North Dakota: On Monday, lawmakers in the House passed two sexual deepfake bills, one criminalizing non-consensual sexual deepfakes (ND HB 1351) and another criminalizing AI produced child sexual material (ND HB 1386), sending both bills to the Senate for it’s approval.
Virginia: Lawmakers passed a handful of bills out of their chamber of origins before the crossover deadline this week. In addition to the two bills described above, this includes a bill punishing threats, slander, and fraud using synthetic media (VA SB 2124), creating property rights in authorized digital replicas (VA HB 2462), and electoral deepfake legislation (VA HB 2479).
Notable Proposals
Connecticut: A new Senate bill (CT SB 1249) includes recommendations from the governor’s office on artificial intelligence.
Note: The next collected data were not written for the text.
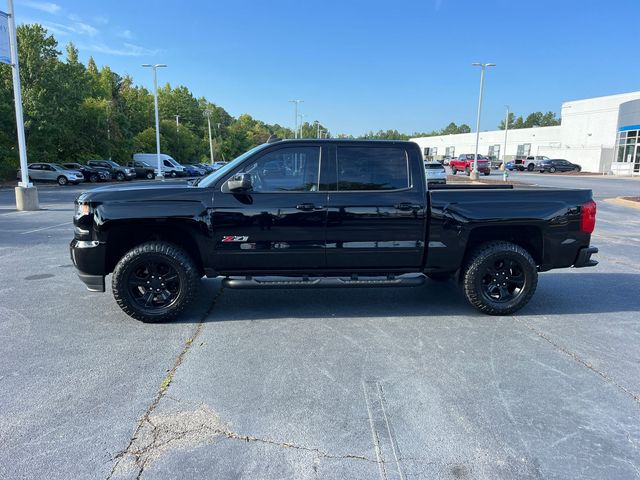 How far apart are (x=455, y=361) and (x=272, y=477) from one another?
83.4 inches

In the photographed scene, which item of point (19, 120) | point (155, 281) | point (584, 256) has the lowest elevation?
point (155, 281)

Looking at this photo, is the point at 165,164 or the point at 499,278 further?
the point at 165,164

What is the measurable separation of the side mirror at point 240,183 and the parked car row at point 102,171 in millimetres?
19794

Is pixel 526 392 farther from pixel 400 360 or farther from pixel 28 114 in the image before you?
pixel 28 114

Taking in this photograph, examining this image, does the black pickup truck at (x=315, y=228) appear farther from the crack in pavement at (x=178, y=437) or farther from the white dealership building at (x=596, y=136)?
the white dealership building at (x=596, y=136)

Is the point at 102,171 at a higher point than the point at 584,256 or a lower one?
higher

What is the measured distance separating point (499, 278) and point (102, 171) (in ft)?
→ 124

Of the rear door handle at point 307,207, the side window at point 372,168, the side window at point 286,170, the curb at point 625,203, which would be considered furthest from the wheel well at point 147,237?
the curb at point 625,203

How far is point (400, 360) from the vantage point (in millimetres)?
4047

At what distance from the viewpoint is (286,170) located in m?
4.95

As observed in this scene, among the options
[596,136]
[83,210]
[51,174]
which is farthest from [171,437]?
[596,136]

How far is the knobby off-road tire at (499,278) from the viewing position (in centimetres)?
511

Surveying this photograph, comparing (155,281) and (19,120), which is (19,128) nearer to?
(19,120)

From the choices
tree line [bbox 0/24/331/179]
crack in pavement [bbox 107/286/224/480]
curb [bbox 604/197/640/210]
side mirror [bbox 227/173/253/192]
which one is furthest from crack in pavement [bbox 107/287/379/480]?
tree line [bbox 0/24/331/179] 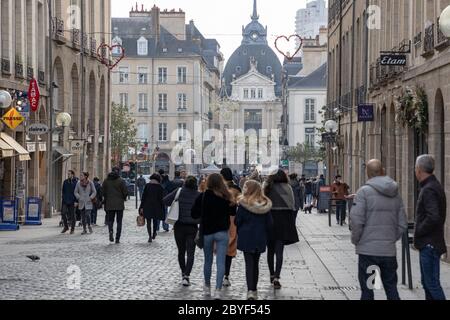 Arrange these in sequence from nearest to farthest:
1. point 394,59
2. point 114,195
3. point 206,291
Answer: point 206,291 → point 114,195 → point 394,59

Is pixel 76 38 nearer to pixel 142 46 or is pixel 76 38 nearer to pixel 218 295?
pixel 218 295

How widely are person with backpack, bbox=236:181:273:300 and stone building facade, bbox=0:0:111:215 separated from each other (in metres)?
21.6

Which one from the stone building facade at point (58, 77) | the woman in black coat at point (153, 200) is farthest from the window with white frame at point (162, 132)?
the woman in black coat at point (153, 200)

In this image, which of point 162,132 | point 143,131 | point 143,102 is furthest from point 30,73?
point 162,132

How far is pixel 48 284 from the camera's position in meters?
17.7

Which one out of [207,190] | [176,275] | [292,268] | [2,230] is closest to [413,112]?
[292,268]

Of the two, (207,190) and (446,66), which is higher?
(446,66)

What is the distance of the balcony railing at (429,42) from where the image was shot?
24.6 metres

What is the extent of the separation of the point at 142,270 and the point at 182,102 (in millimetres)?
99128

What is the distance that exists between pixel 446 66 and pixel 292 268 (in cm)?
472

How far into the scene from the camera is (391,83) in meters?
33.2

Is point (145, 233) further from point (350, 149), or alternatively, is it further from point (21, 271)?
point (350, 149)

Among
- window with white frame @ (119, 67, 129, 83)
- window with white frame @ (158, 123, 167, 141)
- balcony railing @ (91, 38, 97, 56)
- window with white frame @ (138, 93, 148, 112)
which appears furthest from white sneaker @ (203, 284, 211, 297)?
window with white frame @ (158, 123, 167, 141)

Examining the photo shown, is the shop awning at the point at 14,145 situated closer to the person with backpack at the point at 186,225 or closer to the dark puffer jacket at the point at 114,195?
the dark puffer jacket at the point at 114,195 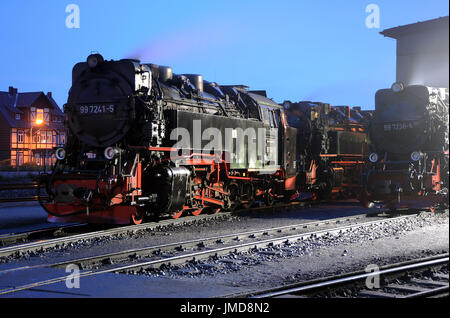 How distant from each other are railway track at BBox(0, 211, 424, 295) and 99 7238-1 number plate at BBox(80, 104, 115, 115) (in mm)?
4160

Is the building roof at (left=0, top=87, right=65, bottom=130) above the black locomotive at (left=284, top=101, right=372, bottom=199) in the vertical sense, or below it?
above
The measure would create an artificial intelligence regulatory sandbox and an investment fund to develop and recruit AI businesses to the state. The proposal also clarifies that use of AI is not a defense to legal claims from an unfair or deceptive act. Gov. Ned Lamont (D) threatened to veto an AI regulatory bill last year over concerns it would deter business.
Kentucky: The legislative session began on Tuesday, and Republican leaders expect to introduce legislation on artificial intelligence to protect people from having information falsified. Sen. Reggie Thomas (D) also expects to address energy demands needed for artificial intelligence systems.
Maryland: Sen. Katie Hester introduced an AI regulation bill (MD SB 936) modeled after Colorado’s law, which includes a private right of action if an individual has been subject to discrimination as result of a consequential decision made by a high-risk AI system. Sen. Hester served on the steering committee of the multi-state AI working group of state lawmakers and has already introduced several AI bills this session.
Minnesota: A proposed bill (MN SF 1117) from Senator Erin K. Maye Quade (D) would require a report on the environmental impacts of AI. Last year she co-sponsored deepfake legislation and this year the senator has expressed support for a proposal to prohibit the use of AI in hiring decisions.
Pennsylvania: Republican lawmaker Craig Williams introduced a bill (PA HB 518) that would make business entities liable for representations made by AI to consumers. Williams indicates he was motivated to introduce the bill by a story about a chatbot deployed by a Canadian airline that misled a customer with wrong advice, causing him to buy a full-price ticket.